Speaker
Description
First Name: Cecilia
Last Name: Mac Cormack
Affiliation: Catholic University of America, NASA Goddard Space Flight Center
All Authors: Cecilia Mac Cormack, Abril Sahade, Erika Palmerio, Evangelia Samara, Phillip Hess, Robin Colaninno and Teresa Nieves-Chinchilla
Abstract: On April 21, 2023, a complex filament eruption produced an Earth-directed coronal mass ejection (CME) that triggered the first severe geomagnetic storm of solar cycle 25. Although this CME appeared as a simple halo in LASCO observations, SoloHI observations revealed a more intricate structure. In this study, we explore the CME's complex morphology by integrating SoloHI observations with additional remote-sensing data and by simulating the eruption using the thermodynamic MHD model CORHEL-CME. Our primary objective is to understand the physical origin of the CME’s severe impact on Earth and to assess whether its complexity, as seen in remote-sensing observations, could have indicated its geoeffectiveness in advance. To this end, we model the source region as two interacting magnetic flux ropes and validate the early evolution of the eruption with extreme-ultraviolet and white-light observations from Solar Orbiter, SDO, SOHO and STEREO. We then compared the simulated CME arrival time and structure with in situ measurements, finding that the CME merged with a corotating interaction region (CIR) before reaching Earth. This interaction compressed the CME sheath, producing a sustained negative Bz component that later triggered the geomagnetic storm.

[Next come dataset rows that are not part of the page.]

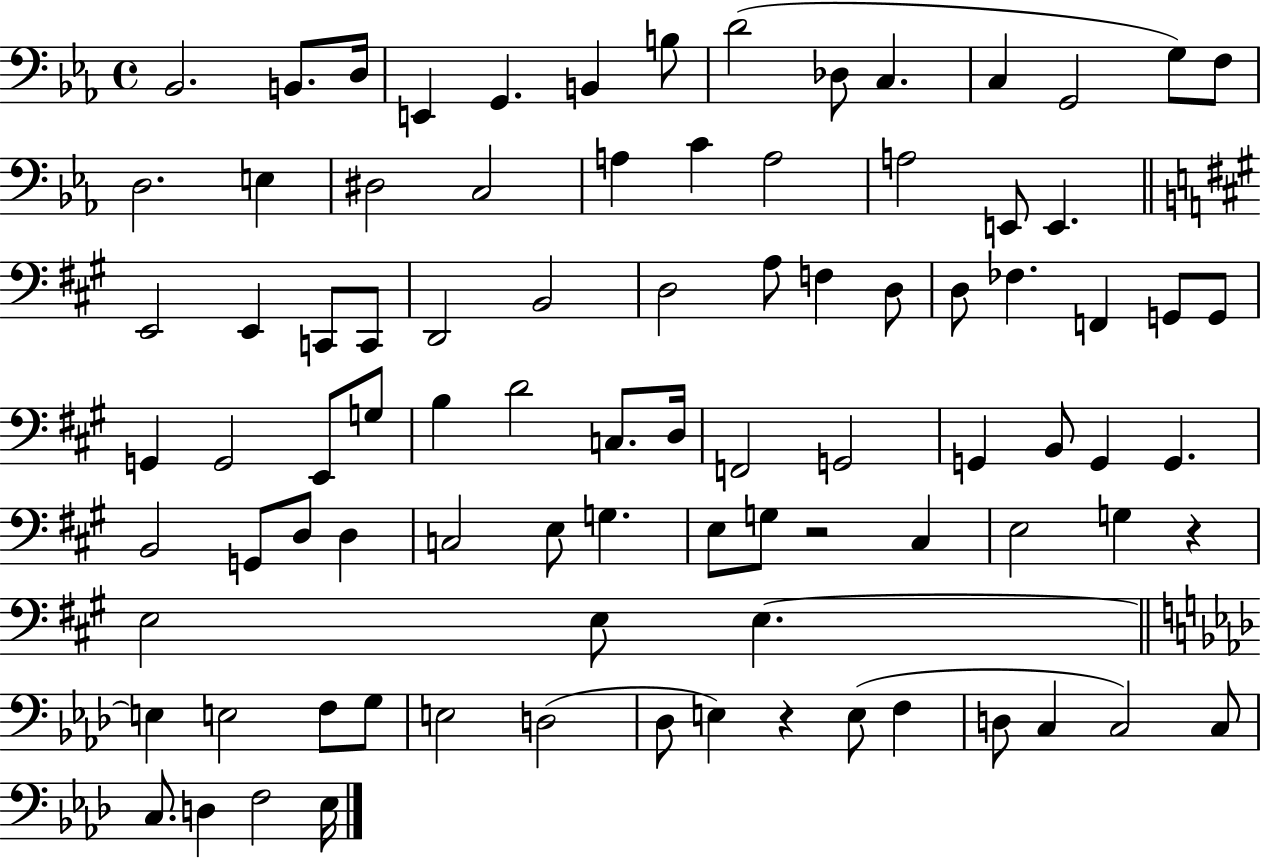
Bb2/h. B2/e. D3/s E2/q G2/q. B2/q B3/e D4/h Db3/e C3/q. C3/q G2/h G3/e F3/e D3/h. E3/q D#3/h C3/h A3/q C4/q A3/h A3/h E2/e E2/q. E2/h E2/q C2/e C2/e D2/h B2/h D3/h A3/e F3/q D3/e D3/e FES3/q. F2/q G2/e G2/e G2/q G2/h E2/e G3/e B3/q D4/h C3/e. D3/s F2/h G2/h G2/q B2/e G2/q G2/q. B2/h G2/e D3/e D3/q C3/h E3/e G3/q. E3/e G3/e R/h C#3/q E3/h G3/q R/q E3/h E3/e E3/q. E3/q E3/h F3/e G3/e E3/h D3/h Db3/e E3/q R/q E3/e F3/q D3/e C3/q C3/h C3/e C3/e. D3/q F3/h Eb3/s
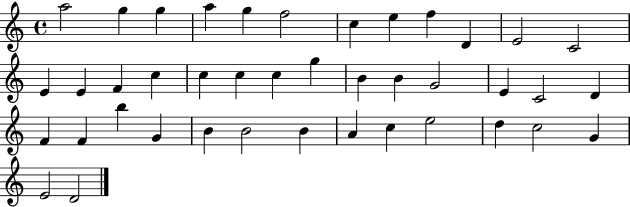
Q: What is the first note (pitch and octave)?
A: A5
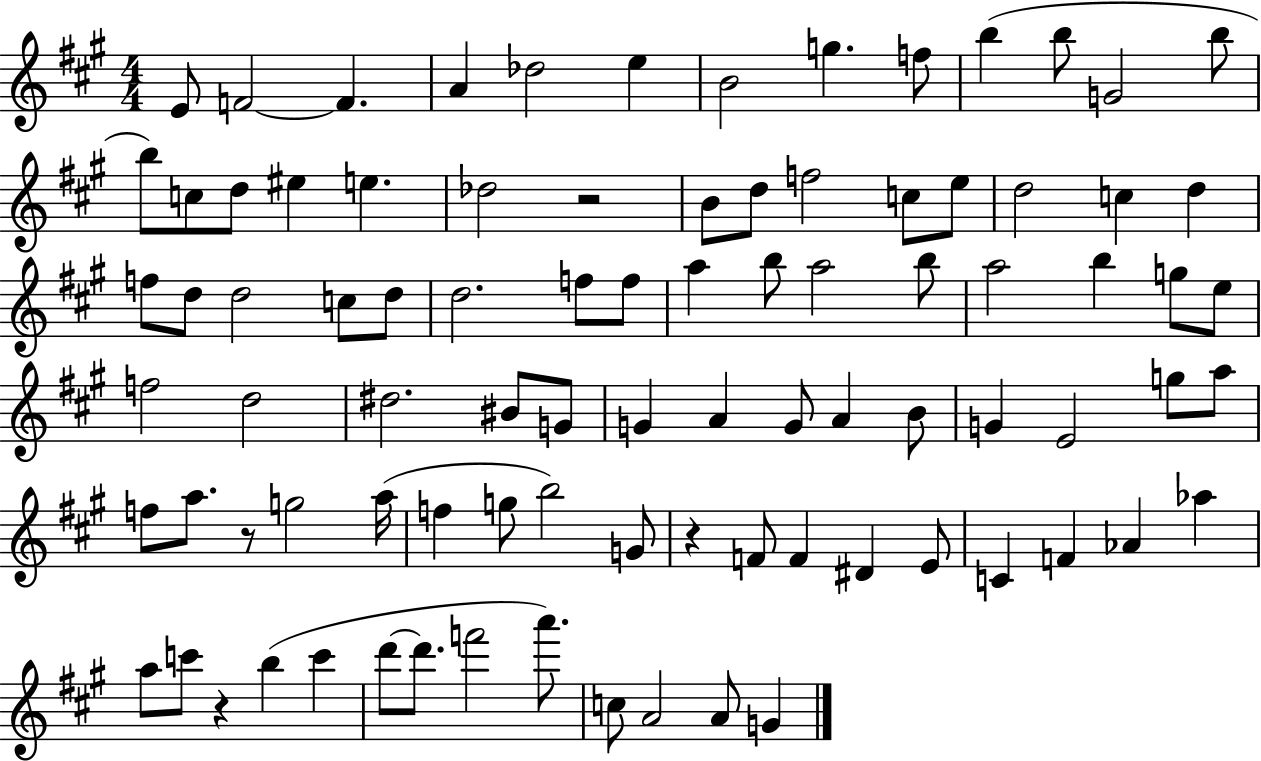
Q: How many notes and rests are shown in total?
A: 89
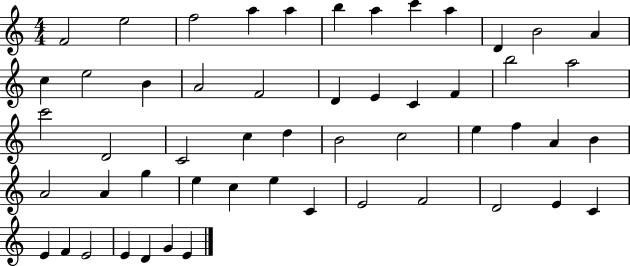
F4/h E5/h F5/h A5/q A5/q B5/q A5/q C6/q A5/q D4/q B4/h A4/q C5/q E5/h B4/q A4/h F4/h D4/q E4/q C4/q F4/q B5/h A5/h C6/h D4/h C4/h C5/q D5/q B4/h C5/h E5/q F5/q A4/q B4/q A4/h A4/q G5/q E5/q C5/q E5/q C4/q E4/h F4/h D4/h E4/q C4/q E4/q F4/q E4/h E4/q D4/q G4/q E4/q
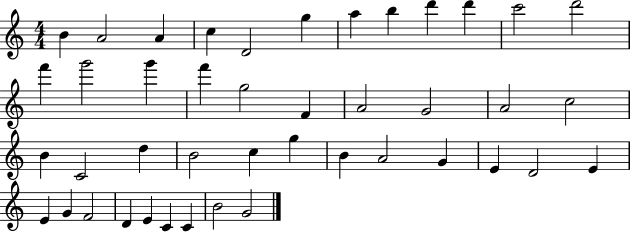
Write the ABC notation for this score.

X:1
T:Untitled
M:4/4
L:1/4
K:C
B A2 A c D2 g a b d' d' c'2 d'2 f' g'2 g' f' g2 F A2 G2 A2 c2 B C2 d B2 c g B A2 G E D2 E E G F2 D E C C B2 G2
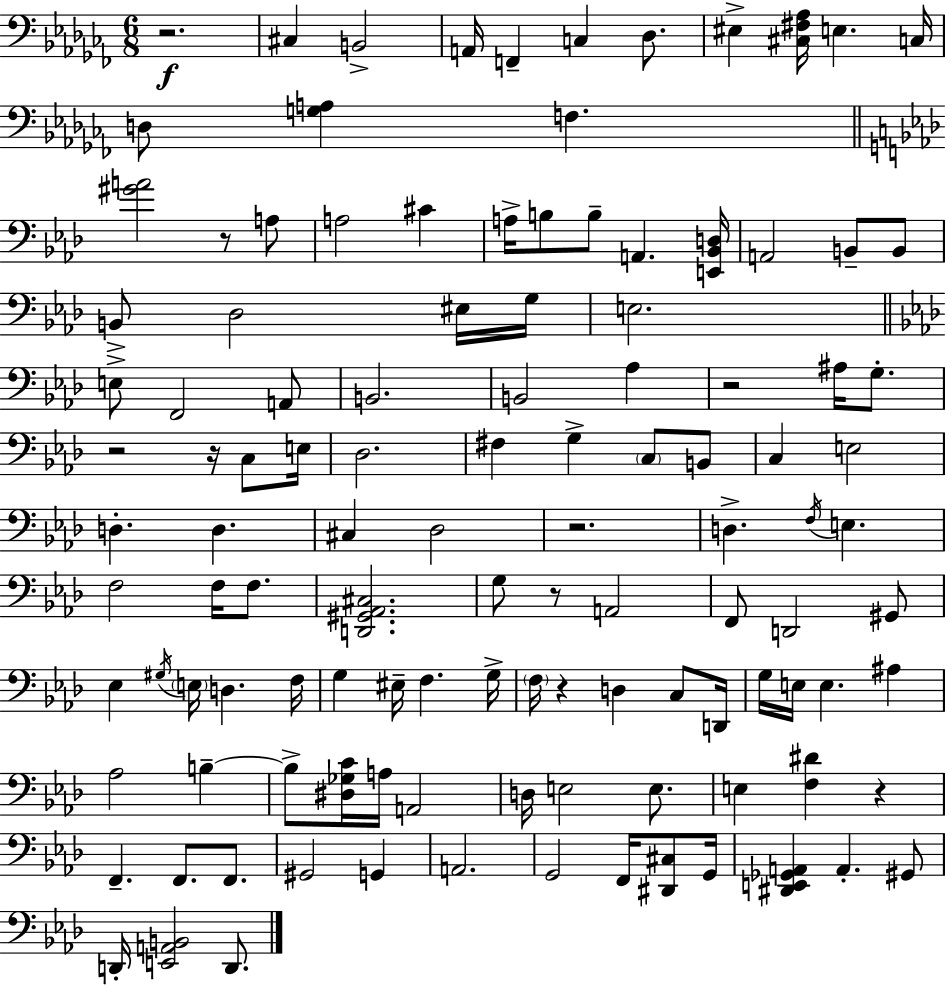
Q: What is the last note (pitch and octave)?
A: D2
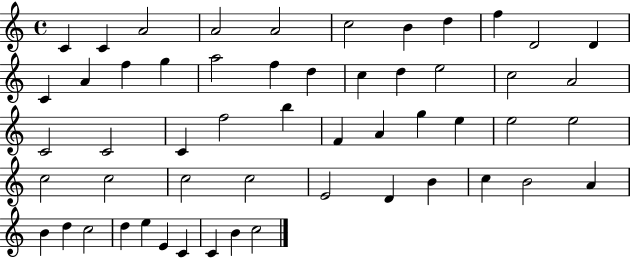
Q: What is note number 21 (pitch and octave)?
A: E5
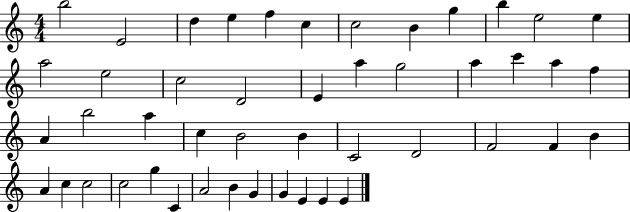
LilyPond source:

{
  \clef treble
  \numericTimeSignature
  \time 4/4
  \key c \major
  b''2 e'2 | d''4 e''4 f''4 c''4 | c''2 b'4 g''4 | b''4 e''2 e''4 | \break a''2 e''2 | c''2 d'2 | e'4 a''4 g''2 | a''4 c'''4 a''4 f''4 | \break a'4 b''2 a''4 | c''4 b'2 b'4 | c'2 d'2 | f'2 f'4 b'4 | \break a'4 c''4 c''2 | c''2 g''4 c'4 | a'2 b'4 g'4 | g'4 e'4 e'4 e'4 | \break \bar "|."
}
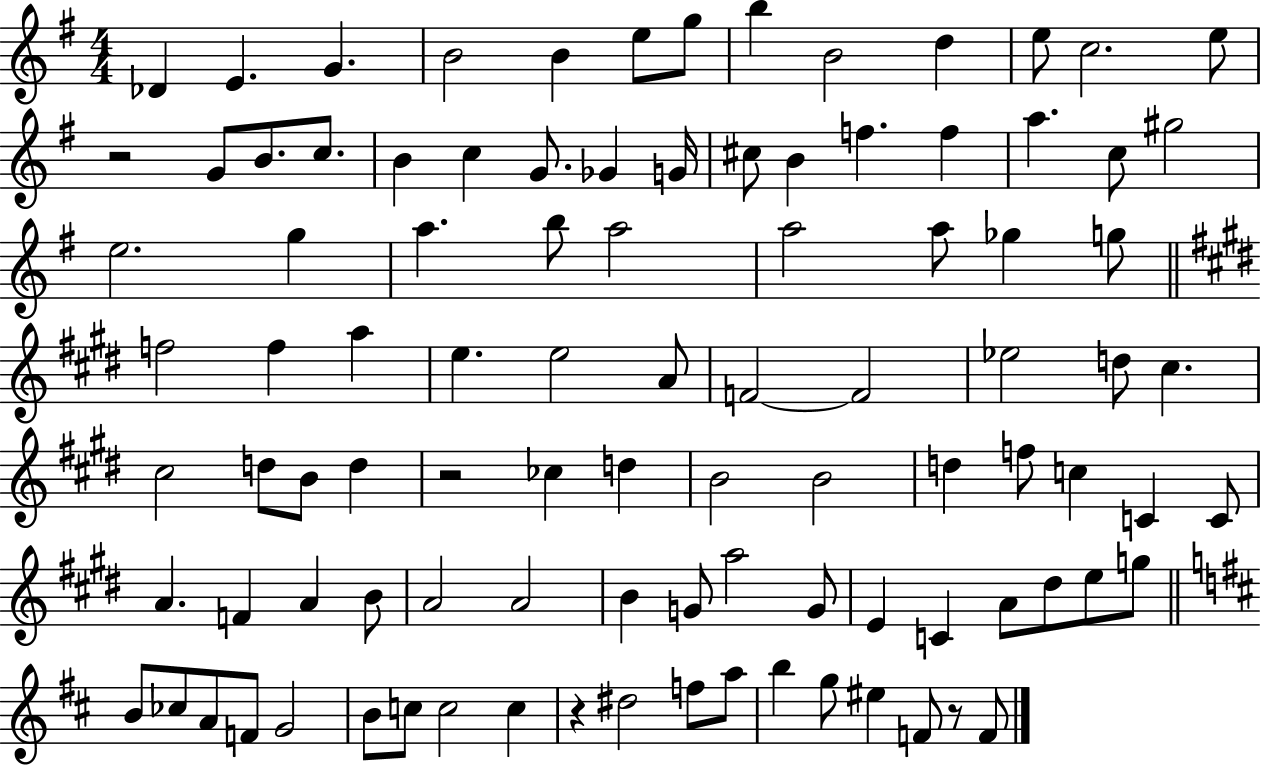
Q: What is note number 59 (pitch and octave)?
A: C5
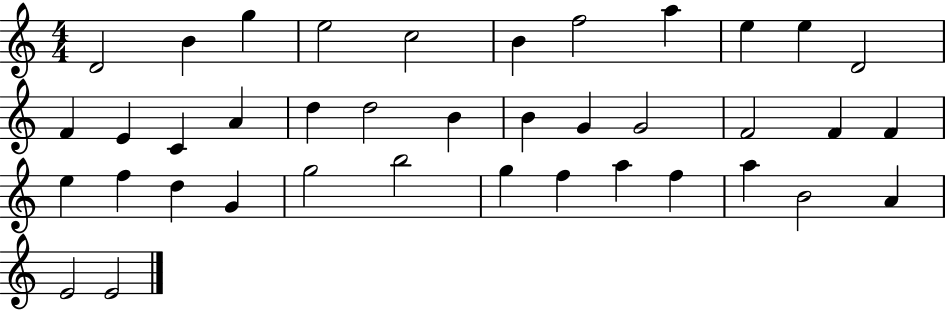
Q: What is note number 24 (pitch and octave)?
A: F4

The internal configuration of the magnetic flux rope, which also maintained a sustained southward component during its propagation toward Earth, intensified the storm into severe. This model–data comparison underscores the power of using MHD simulations, when validated by multi-viewpoint observations, to reveal hidden dynamical processes and improve the prediction of space weather impacts.